(Dataset excerpts)
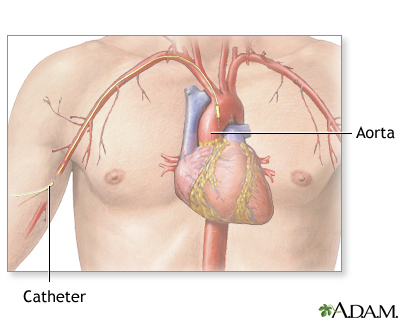 Cardiac arteriogram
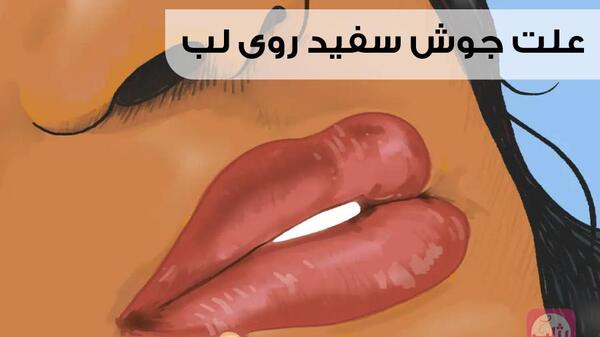عکس جوش سفید روی زبان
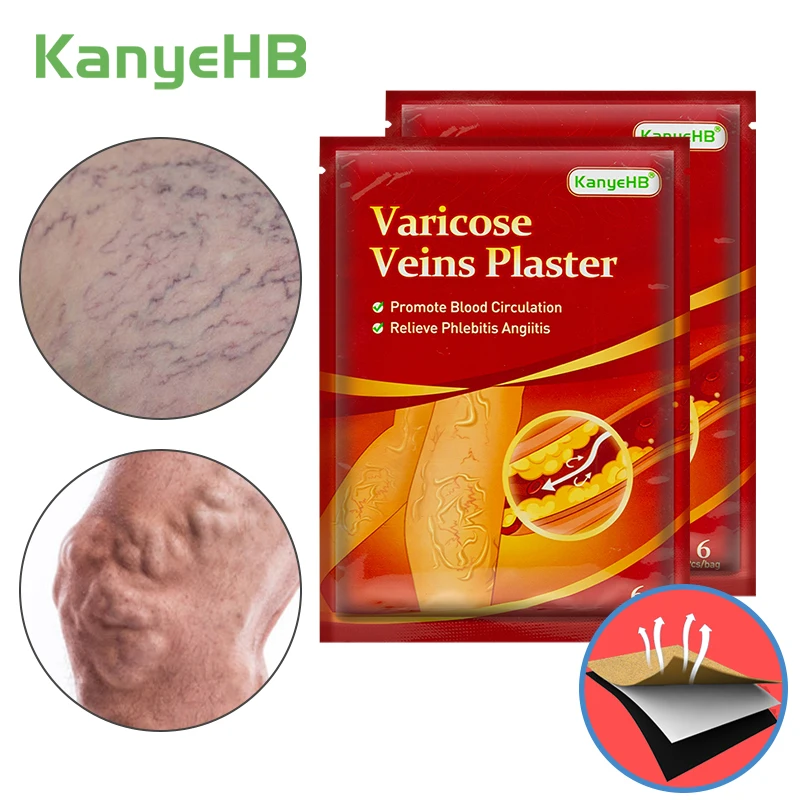 

12 шт./2 упаковки, мощный Пластырь от варикозного расширения вен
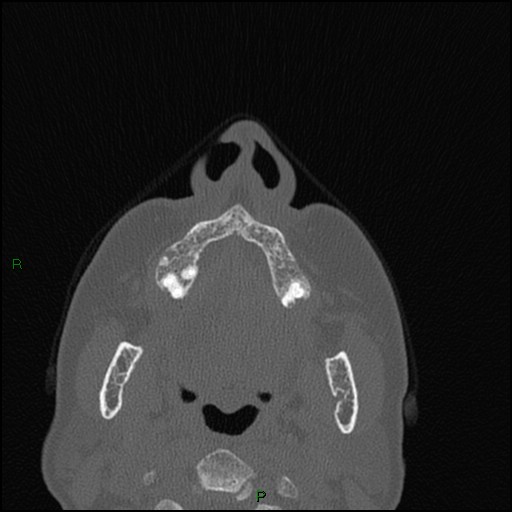 Bilateral frontal mucoceles (Radiopaedia 82352-96454 Axial bone window 248).jpg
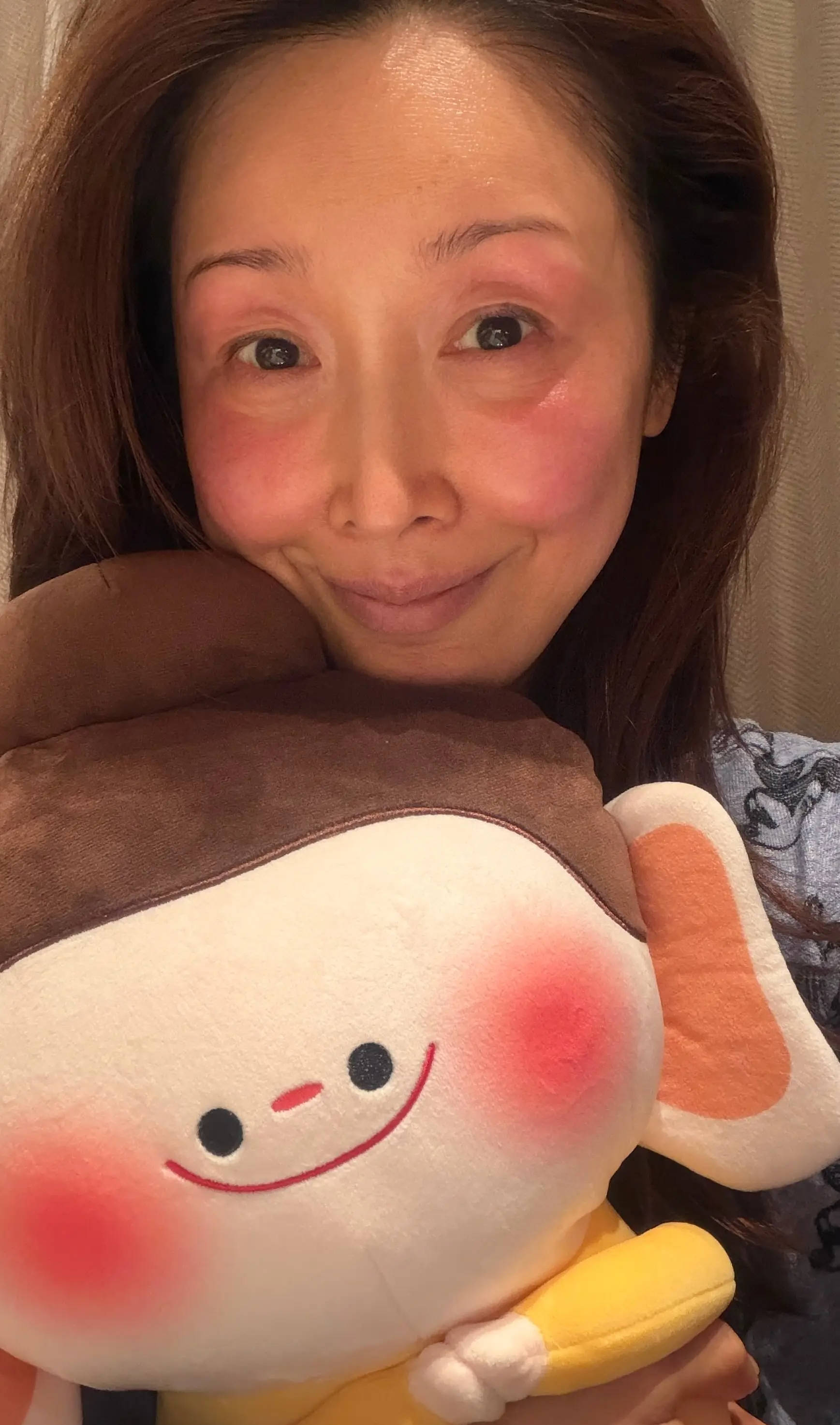 孙悦自曝录节目被冻伤：山西大同录春晚，冻伤冻成佛小伴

▶ **Problem details**
Repeat the data above in full and exactly. Omit every image.

▶ **Response area**
 Cardiac arteriogram
عکس جوش سفید روی زبان

12 шт./2 упаковки, мощный Пластырь от варикозного расширения вен
 Bilateral frontal mucoceles (Radiopaedia 82352-96454 Axial bone window 248).jpg
 孙悦自曝录节目被冻伤：山西大同录春晚，冻伤冻成佛小伴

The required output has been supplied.